On 13 December 2011 19:33, Ikai Lan (Google) <ika...@google.com> wrote:

> Tom,
>
> Can you link directly to the Bloom Filter implementation? It's not obvious
> from the main project page how to find it. Any time we can get people to
> think about computer science-y solutions to big data problems instead of
> just subscribing to RDBMS dogma, we win =).
>
> While bloom filters are not a solution for everything, there are places
> where they would greatly improve performance. One place where you'd likely
> see huge benefits from bloom filters are in N x N comparison type of
> operations. Here's an example from RapLeaf:
>
> http://blog.rapleaf.com/dev/2007/09/05/bloomfilter/
>
> By doing a single pass over all entities to build the initial filter, when
> you cross-check on the second pass, you can do the same operation in much
> less time if you know that matches tend to be sparse (for other folks
> reading this thread that are new to the concept: this means spread out -
> most comparison operations will be NO MATCH).

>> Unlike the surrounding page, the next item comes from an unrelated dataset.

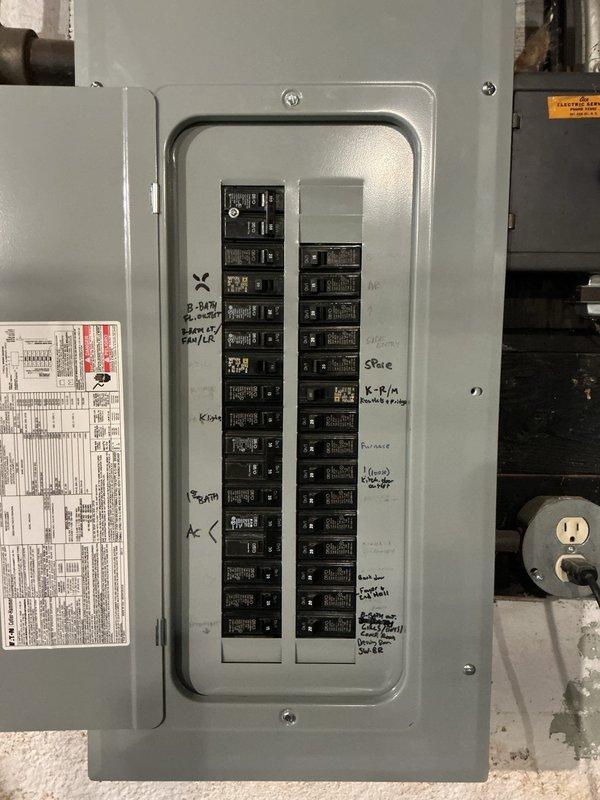 Conducted on-site assessment for Level 2 electric vehicle charger installation at a 99-year-old residential property. Documented existing electrical infrastructure, including the main service panel with dual columns of circuit breakers, incoming service conduits, and available capacity for additional load requirements. Photographed current electrical panel configuration to evaluate compatibility and determine necessary upgrades for EV charging system integration.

In the N x N hash comparison
> example, you know that you are only going to do a write in the first phase
> with no deletes, and you know you will only be reading the filter later on
> so you can use local memory.
>
> --
> Ikai Lan
> Developer Programs Engineer, Google App Engine
> plus.ikailan.com | twitter.com/ikai
>
>
>
> On Mon, Dec 12, 2011 at 5:07 PM, Tom Gibara <tomgib...@gmail.com> wrote:
>
>> I've used Bloom filters for a number of purposes, including the scenario
>> you describe - though not on App Engine.
>>
>> Bloom filters are an extremely versatile tool, but are not a panacea.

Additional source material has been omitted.